Homeschooling is Bringing Us More Priests

“The evidence is highly encouraging. The impact could be enormous.”

(photo: By Joachim Specht [Public domain], from Wikimedia Commons)

There's a new trend that's highlighting the benefits of homeschooling. Young men with a homeschool background are four times more likely to enter seminaries than those educated in Catholic institutions.

A new study conducted by CARA, the Center for Applied Research in the Apostolate at Georgetown University, found that one in 10 young men studying for ordination to the priesthood in the United States was homeschooled.

What's remarkable is that, even though the number of homeschooled American Catholics is just 100,000 at the moment – compared to 2 million in Catholic schools – homeschools provided 8 percent of the young men who are currently studying for the priesthood in the U.S.

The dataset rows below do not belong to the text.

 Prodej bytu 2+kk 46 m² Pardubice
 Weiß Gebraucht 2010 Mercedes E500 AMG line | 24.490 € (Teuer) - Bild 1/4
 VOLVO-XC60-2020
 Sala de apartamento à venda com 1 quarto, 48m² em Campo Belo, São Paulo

The study found that, on average, these candidates spent seven years being homeschooled and said they were about 16 years old when they discerned their vocation.

In the Catholic Diocese of Arlington, where Father J. D. Jaffe serves as the director of vocations, the increase in vocations from Catholic homeschooling families is obvious. “Homeschoolers have a disproportionately large participation in our discernment events in comparison to Catholic school and public-school kids,” said Father J. D. Jaffe, director of vocations for the Diocese of Arlington to Seton Magazine. “The same increased numbers are seen in our seminarians where roughly 30 percent of them are from homeschooling households.”

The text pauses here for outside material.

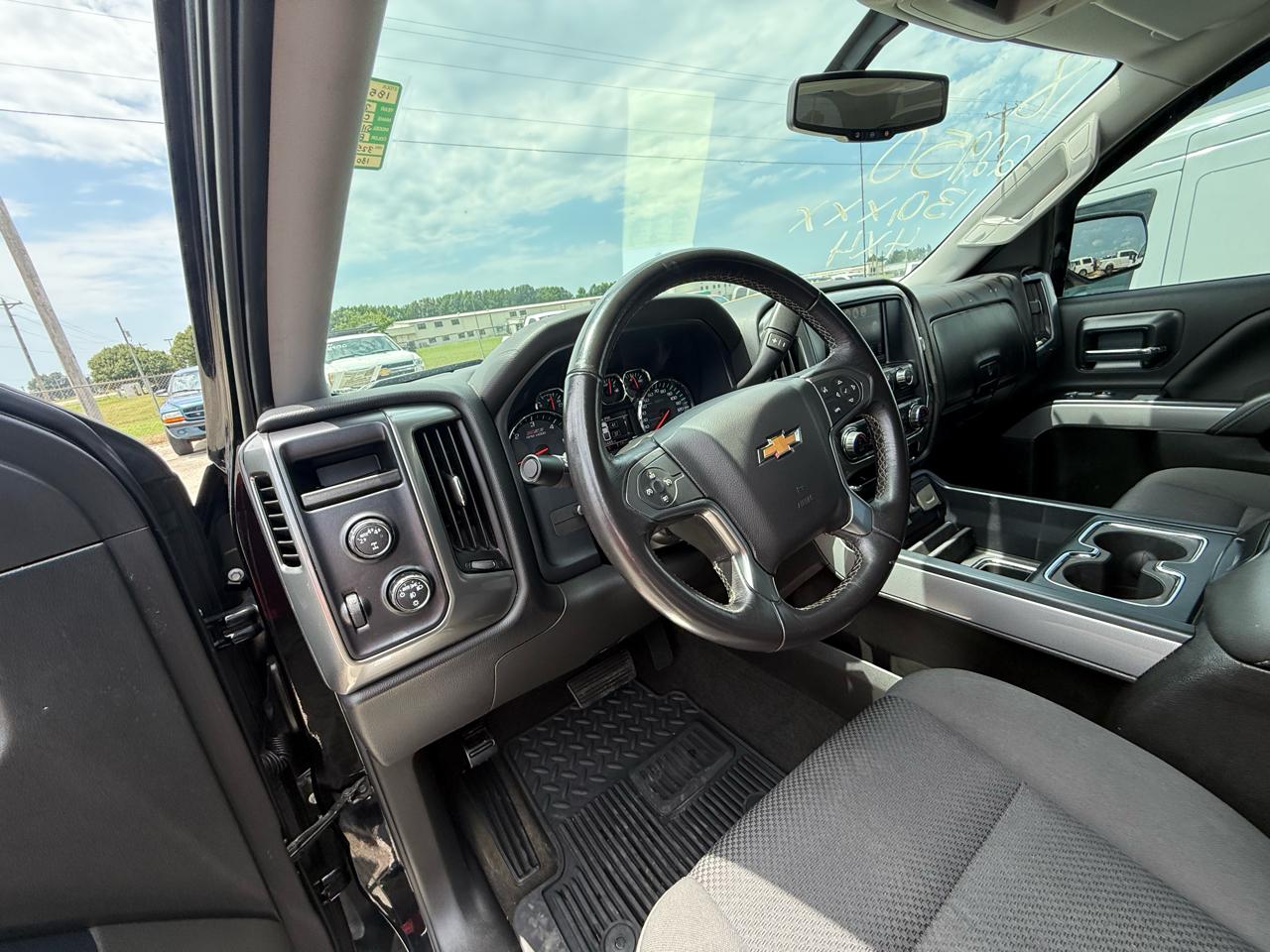 Chevrolet Silverado 1500 4WD Crew Cab 143.5" LT w/2LT 2018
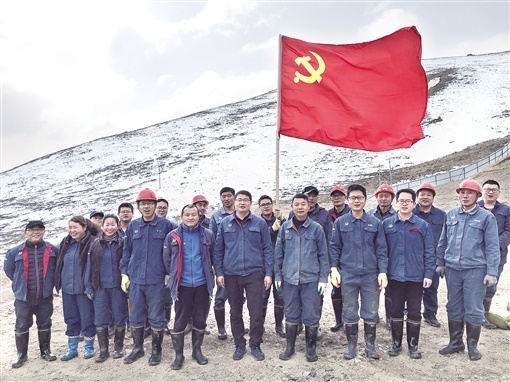  湖南日报版面头条｜百年矿山党旗红——“全国先进基层党组织”湖南黄金集团辰州矿业党委党建工作侧记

Nikolai Brelinsky, who is currently enrolled at St. Charles Borromeo Seminary in the Archdiocese of Philadelphia, said he believes homeschooling was helpful and a very important element in his discernment process.

“It certainly provided an atmosphere to consider it,” he told Seton Magazine. “In my personal opinion, homeschooling fosters the Catholic faith. Being homeschooled didn’t make me want to be a priest, but it did help me answer the calling through immersion of faith. Homeschooling goes hand in hand with the faith aspect.”

“The evidence is highly encouraging. Going forward, the impact could be enormous,” said Draper Warren, admissions director at Seton Home Study School in Front Royal, Virginia. “We often don’t understand the historical importance of a movement while it is still young, but a generation from now we will look back and see Catholic homeschooling as partly responsible for keeping the Church vibrant in the United States. Vocations are just one of the many fruits of homeschooling.”